The next chapter continues in the same way explaining things in a little more depth with a look at controllers, two way databinding, lists, CSS, expressions, scopes, $watch, modules, routes, directives and validating user input. A long chapter? Yes and it more or less completes what the book has to say about using AngularJS. From here the book is mostly about the bigger picture of working with AngularJS.
Chapter 3 is about using various tools to control an AngularJS project i.e. a fairly big project. If you are learning AngularJS then your first concern will be with small projects so perhaps this is a bit premature. The tools discussed include the excellent JetBrains Webstorm IDE, but not my favourite NetBeans. It also covers Yeoman, Karma and Batarag. It makes you wonder if open source projects are in some sort of competition to use the silliest name possible. How useful you find this chapter will depend on what size of project you are considering. Chapter 4 continues with a consideration of testing and overall architecture.
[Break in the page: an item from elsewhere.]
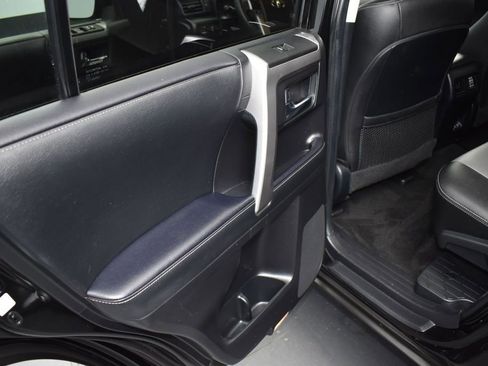 Used 2020 Toyota 4Runner SR5 Premium w/ Moonroof Package AWD/4WD image 21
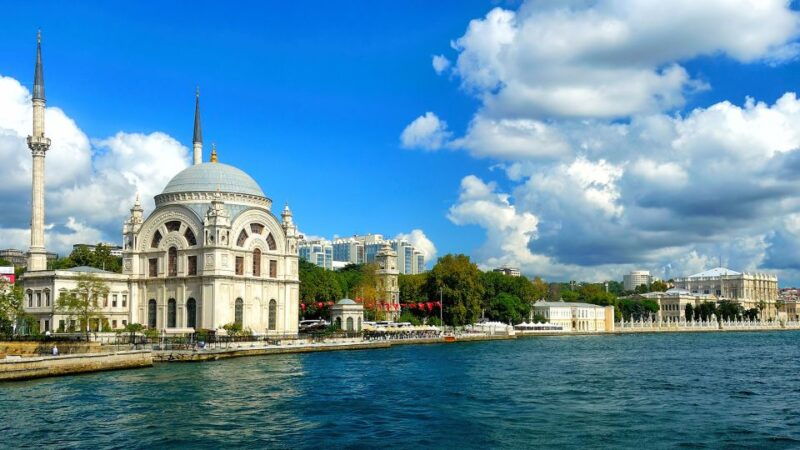 istanbul-half-day-cruise-and-cable-car-to-pierre-loti-hill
Chapter 5 moves back to consider something more basic - communicating with servers. It considers mostly the HTTP and strict REST implementations. Chapter 6 is about the Directives API and creating your own. Chapter 7 is about general stuff, location, cookies and so on; and the final chapter is a set of recipies and tips.
If you are already familiar with AngularJS then you might find the later chapters useful, but only if you find the tools described are what you want to use. Even if they ar,e be prepared to work hard at some of the sections which are not as clear as the first two chapters.
So is the book recommended?
Put simply there are too many problems with it to be able to recommend it unconditionally. There is also the problem that most of the goodness is in the first two chapters which, at 46 pages, don't even make up a third of the book. So if you are desperately seeking an introduction of AngularJS then buy a copy, but you have been warned.